**BRIEF:** Retype word for word the lines of the data below, from the first to the one bearing "Moradia T3 para Venda em Rio de Mouro Foto 6", with that one included.

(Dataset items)
-------
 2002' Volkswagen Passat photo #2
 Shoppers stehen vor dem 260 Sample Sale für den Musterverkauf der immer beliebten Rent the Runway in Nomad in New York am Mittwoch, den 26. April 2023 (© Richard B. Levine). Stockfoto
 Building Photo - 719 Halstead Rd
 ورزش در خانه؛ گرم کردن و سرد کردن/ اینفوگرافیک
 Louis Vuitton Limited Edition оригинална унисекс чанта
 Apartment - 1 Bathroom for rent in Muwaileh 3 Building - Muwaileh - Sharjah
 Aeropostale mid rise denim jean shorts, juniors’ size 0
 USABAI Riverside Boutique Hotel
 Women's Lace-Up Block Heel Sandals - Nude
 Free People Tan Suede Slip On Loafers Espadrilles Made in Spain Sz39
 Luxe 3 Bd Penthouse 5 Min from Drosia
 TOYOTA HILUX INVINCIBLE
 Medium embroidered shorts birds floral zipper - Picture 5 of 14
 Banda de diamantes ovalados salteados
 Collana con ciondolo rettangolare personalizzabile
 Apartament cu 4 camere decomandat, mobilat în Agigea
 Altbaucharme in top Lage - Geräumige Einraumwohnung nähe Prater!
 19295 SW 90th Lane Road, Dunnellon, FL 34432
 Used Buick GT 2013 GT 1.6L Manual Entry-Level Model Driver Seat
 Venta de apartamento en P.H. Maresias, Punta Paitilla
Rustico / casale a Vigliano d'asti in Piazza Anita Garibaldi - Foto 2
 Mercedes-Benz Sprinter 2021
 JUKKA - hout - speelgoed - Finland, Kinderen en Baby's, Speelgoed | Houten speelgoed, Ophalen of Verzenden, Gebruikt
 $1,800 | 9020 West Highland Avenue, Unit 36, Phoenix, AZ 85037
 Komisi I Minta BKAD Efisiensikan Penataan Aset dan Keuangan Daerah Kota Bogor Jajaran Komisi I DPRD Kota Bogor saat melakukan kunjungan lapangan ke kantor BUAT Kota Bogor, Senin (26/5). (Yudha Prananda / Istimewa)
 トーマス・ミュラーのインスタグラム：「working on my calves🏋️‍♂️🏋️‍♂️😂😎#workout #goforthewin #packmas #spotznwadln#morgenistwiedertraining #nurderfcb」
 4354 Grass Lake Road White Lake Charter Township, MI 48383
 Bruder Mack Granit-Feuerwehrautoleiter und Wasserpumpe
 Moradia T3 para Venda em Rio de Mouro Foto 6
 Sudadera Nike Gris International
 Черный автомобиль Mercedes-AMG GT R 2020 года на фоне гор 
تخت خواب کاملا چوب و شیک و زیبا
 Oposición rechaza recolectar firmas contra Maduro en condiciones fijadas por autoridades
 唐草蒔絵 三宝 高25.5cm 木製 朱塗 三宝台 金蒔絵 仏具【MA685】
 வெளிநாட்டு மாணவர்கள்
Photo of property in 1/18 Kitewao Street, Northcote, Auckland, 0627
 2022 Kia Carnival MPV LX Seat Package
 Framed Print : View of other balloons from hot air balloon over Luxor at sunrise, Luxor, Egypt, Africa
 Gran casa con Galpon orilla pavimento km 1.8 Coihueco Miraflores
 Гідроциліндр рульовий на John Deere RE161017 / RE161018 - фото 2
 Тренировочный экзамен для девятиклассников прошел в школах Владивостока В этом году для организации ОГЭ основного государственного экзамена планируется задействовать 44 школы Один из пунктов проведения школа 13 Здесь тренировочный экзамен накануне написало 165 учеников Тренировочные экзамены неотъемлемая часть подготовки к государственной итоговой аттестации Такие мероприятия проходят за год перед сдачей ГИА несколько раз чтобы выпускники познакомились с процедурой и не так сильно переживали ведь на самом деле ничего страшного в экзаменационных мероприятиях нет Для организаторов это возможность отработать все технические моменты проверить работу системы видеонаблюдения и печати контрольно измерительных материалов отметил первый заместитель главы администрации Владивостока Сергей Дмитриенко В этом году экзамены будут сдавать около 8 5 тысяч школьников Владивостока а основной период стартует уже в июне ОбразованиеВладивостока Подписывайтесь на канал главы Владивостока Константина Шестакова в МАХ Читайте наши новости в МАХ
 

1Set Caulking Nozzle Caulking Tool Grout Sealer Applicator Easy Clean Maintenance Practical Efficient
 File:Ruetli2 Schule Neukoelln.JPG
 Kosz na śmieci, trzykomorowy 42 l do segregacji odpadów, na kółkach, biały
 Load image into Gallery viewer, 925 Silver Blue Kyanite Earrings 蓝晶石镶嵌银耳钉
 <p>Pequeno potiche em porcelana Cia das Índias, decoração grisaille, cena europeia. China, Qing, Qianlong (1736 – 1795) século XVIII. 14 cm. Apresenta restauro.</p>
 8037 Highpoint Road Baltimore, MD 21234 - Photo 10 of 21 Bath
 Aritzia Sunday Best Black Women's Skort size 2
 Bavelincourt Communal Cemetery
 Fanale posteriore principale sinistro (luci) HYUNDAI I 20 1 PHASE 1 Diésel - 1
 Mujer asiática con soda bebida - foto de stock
-------
**OUTPUT FOR THIS TASK:**
 2002' Volkswagen Passat photo #2
 Shoppers stehen vor dem 260 Sample Sale für den Musterverkauf der immer beliebten Rent the Runway in Nomad in New York am Mittwoch, den 26. April 2023 (© Richard B. Levine). Stockfoto
 Building Photo - 719 Halstead Rd
 ورزش در خانه؛ گرم کردن و سرد کردن/ اینفوگرافیک
 Louis Vuitton Limited Edition оригинална унисекс чанта
 Apartment - 1 Bathroom for rent in Muwaileh 3 Building - Muwaileh - Sharjah
 Aeropostale mid rise denim jean shorts, juniors’ size 0
 USABAI Riverside Boutique Hotel
 Women's Lace-Up Block Heel Sandals - Nude
 Free People Tan Suede Slip On Loafers Espadrilles Made in Spain Sz39
 Luxe 3 Bd Penthouse 5 Min from Drosia
 TOYOTA HILUX INVINCIBLE
 Medium embroidered shorts birds floral zipper - Picture 5 of 14
 Banda de diamantes ovalados salteados
 Collana con ciondolo rettangolare personalizzabile
 Apartament cu 4 camere decomandat, mobilat în Agigea
 Altbaucharme in top Lage - Geräumige Einraumwohnung nähe Prater!
 19295 SW 90th Lane Road, Dunnellon, FL 34432
 Used Buick GT 2013 GT 1.6L Manual Entry-Level Model Driver Seat
 Venta de apartamento en P.H. Maresias, Punta Paitilla
Rustico / casale a Vigliano d'asti in Piazza Anita Garibaldi - Foto 2
 Mercedes-Benz Sprinter 2021
 JUKKA - hout - speelgoed - Finland, Kinderen en Baby's, Speelgoed | Houten speelgoed, Ophalen of Verzenden, Gebruikt
 $1,800 | 9020 West Highland Avenue, Unit 36, Phoenix, AZ 85037
 Komisi I Minta BKAD Efisiensikan Penataan Aset dan Keuangan Daerah Kota Bogor Jajaran Komisi I DPRD Kota Bogor saat melakukan kunjungan lapangan ke kantor BUAT Kota Bogor, Senin (26/5). (Yudha Prananda / Istimewa)
 トーマス・ミュラーのインスタグラム：「working on my calves🏋️‍♂️🏋️‍♂️😂😎#workout #goforthewin #packmas #spotznwadln#morgenistwiedertraining #nurderfcb」
 4354 Grass Lake Road White Lake Charter Township, MI 48383
 Bruder Mack Granit-Feuerwehrautoleiter und Wasserpumpe
 Moradia T3 para Venda em Rio de Mouro Foto 6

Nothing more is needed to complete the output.